Hamamatsu Photonics has developed the world’s first terahertz image intensifier with high resolution and fast response that allow for real-time imaging of terahertz wave pulses transmitted through or reflected from target objects.

Terahertz waves are electromagnetic waves near a frequency of 1 THz and have the properties of both light and radio waves.

An image intensifier is an image-enhancement tube primarily developed for night vision. A typical image intensifier consists of a photocathode to convert the incoming light into electrons, a microchannel plate (MCP) to amplify the electrons, and a phosphor screen to return the electrons to light, all sealed in a vacuum tube. By selecting the photocathode material, the incoming light including visible and invisible light can be converted into electrons, which are then multiplied in a vacuum. This process enables high-speed, high-resolution and high-sensitivity imaging of luminescent phenomena.

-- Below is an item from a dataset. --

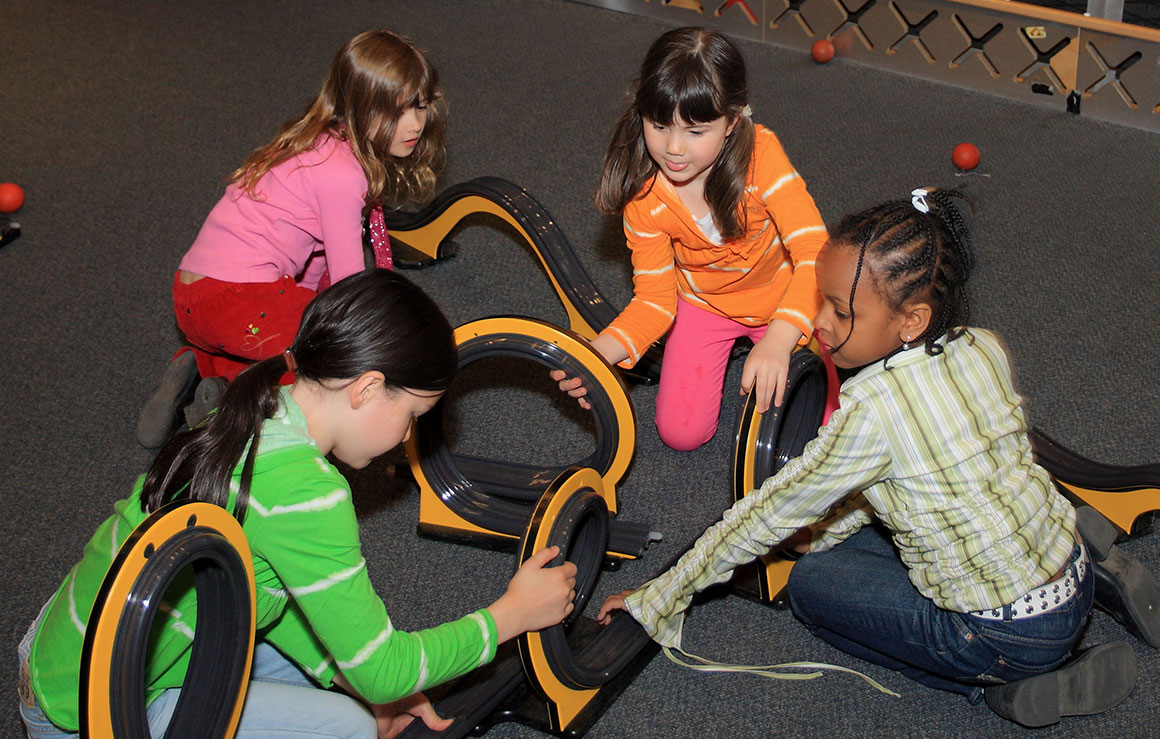 Quatre filles assemblent des pistes de montagnes russes.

Hamamatsu Photonics has been working closely with the Technical University of Denmark to develop photoelectric conversion technology using small antenna elements (metamaterial antennas) that convert terahertz waves into electrons. The team applied this photoelectric conversion technology to a metamaterial antenna on the inner surface of the I.I. input window. The team also redesigned the antenna structure to increase the efficiency of converting terahertz waves into electrons, which are effectively multiplied in the vacuum. By doing it in this way, we succeeded for the first time in the world in developing a fast-response, high-resolution THz-I.I. capable of real-time imaging of terahertz waves transmitted through or reflected from target objects.

This THz-I.I. also allows imaging of terahertz waves in any frequency band by changing the antenna design to match the required application.

Applications for the device include non-destructive inspection in the food industry that are normally difficult to detect using ordinary X-ray inspection techniques. Since terahertz waves are harmless to the human body, the THz-I.I. is also promising for body scanners that capture real-time images of terahertz waves reflected from the target object. This will prove highly effective when making walk-through security checks at train ticket gates and entrances to event venues. In research applications, the THz-I.I. will serve as a tool to acquire the beam profile of terahertz waves or to adjust the terahertz optical system.

Hamamatsu now plans to develop a THz-I.I. with higher sensitivity for actual use and aim to start shipping product samples within a year.